Should litigators think like investigators when using eDiscovery tools?

The keyword hammer is not the only tool in a litigator’s eDiscovery toolbox. Nor is the Predictive Coding power-saw suited to every case. What is always needed is investigative analysis, supported by the right technology to uncover a compelling narrative; a story that will win the day for your client.


A new, massive litigation project hits the desk. Of course, time is of the essence. Litigation hold notices are issued and a considerable amount of data is rapidly collected.

A quick calculation shows that it would take over 20 years for one lawyer to eyeball every electronic document in the tranche of data that is left after removal of system files and duplicates.  Given the amount at stake, that’s clearly not going to be a proportionate exercise.  Nor is it likely to be effective.


Do we have the right documents or the right quantity of documents?


The legal team feverishly starts working on a keyword list to be used to cull the data down – debating the nuances of Boolean “AND”, “OR”, “NOT” logic, drilling down into the minutia of multiple terminology variations, fine tuning intricate proximity searches, delicately placing wildcards in just the right position within the search strings, hypothesizing the potential application of concept expansion and search term stemming techniques.
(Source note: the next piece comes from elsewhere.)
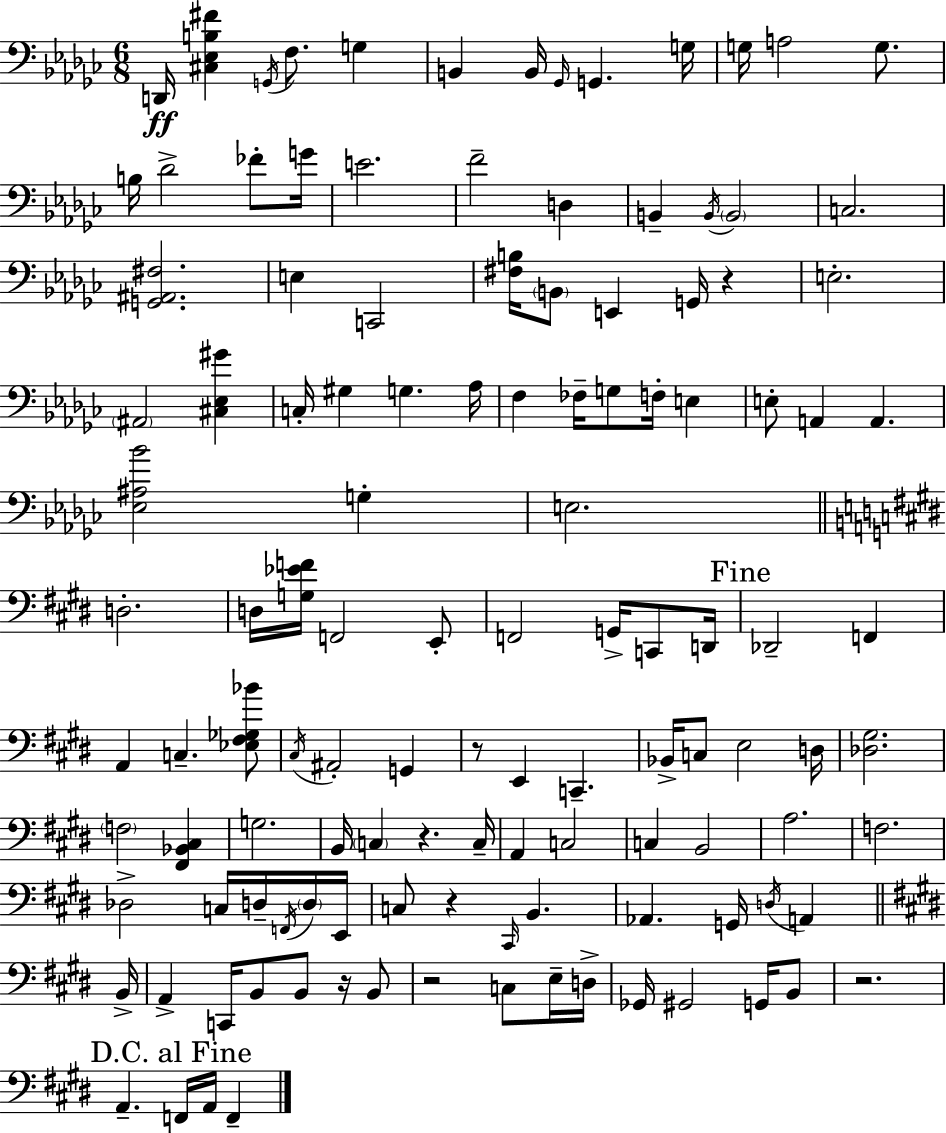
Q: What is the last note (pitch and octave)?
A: F2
When keywords are the only hammer in a litigator’s toolbox, all searches look like nails. That means data analysis that is better suited to other approaches often gets distorted into keyword terms. This compromises the potency and accuracy of results.  It happens usually because keywords are the only tool litigators know how to use or the only one at their disposal. Furthermore, because of the limitations of most software platforms, the whole keyword creation exercise is usually performed in the dark before the legal team has access or insight into the data itself.
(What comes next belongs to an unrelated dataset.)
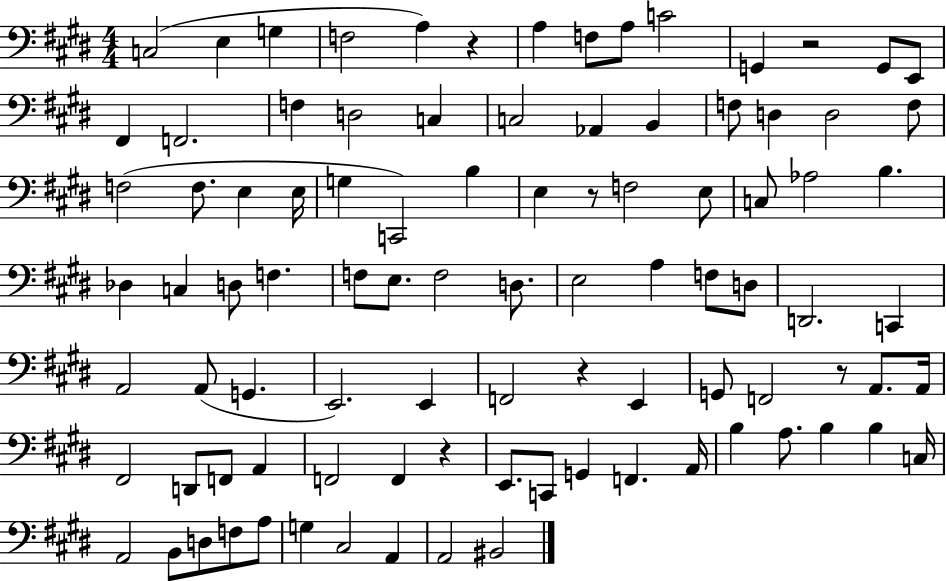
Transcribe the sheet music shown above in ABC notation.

If that sounds like dangerously wielding hammers in the dark, it is.    

In any event, the final compilation of keywords is ultimately issued to the technology team with a simple, blunt instruction to ‘generate a hit report’.

Even at first glance, an experienced legal technologist receiving the list knows it’s likely to be a futile, painful exercise.

Boolean “and/or” operators are used inconsistently and incorrectly often delivering the exact opposite result of what was intended. The search terms themselves are so common and patently obvious they will generate hits in practically every document in the dataset (“contract” is probably not a good keyword choice in a contract dispute). Issues are used in place of search terms (in a fraud investigation, the word ‘fraud’ is probably not going to be within the vernacular of a perpetrator). Person based metadata has been dumbed down into flat, one-dimensional keywords that lose important context information, such as who sent what to whom, and there is at best a futile attempt to accommodate the multitude of possible name variations for key people of interest.

The legal technologist however dutifully follows instructions, obediently applying the search criteria as directed and returning the hit response list.

The legal team discovers, to their dismay, that the meticulously crafted search terms will deem more than 90% of the documents to be responsive.  Mild panic sets in and some increasingly cavalier adjustments begin.  Iterative cycles of anxiously applied search term changes generate successive hit list response reports repeatedly until the number of relevant documents is whittled down to what is considered to be a quantity of documents that can be reviewed at a cost that is ‘proportionate’ to the amount at stake.

After this flurry of activity subsides we may, indeed, be left with a quantity of documents considered to be acceptable. That’s all well and good, but shouldn’t the real question be: Do we have the right documents?

Is proportionality forcing us to focus on quantity rather than quality?

It’s great to have a proportionate number of documents but how can we ensure that the documents retained are those most likely to be relevant to the dispute or investigation?

Unfortunately, it seems that our increasing focus on proportionality has often forced emphasis on the quantity of documents retained for review rather than the quality of those documents in terms of their actual importance or relevance to the issues in the case at hand.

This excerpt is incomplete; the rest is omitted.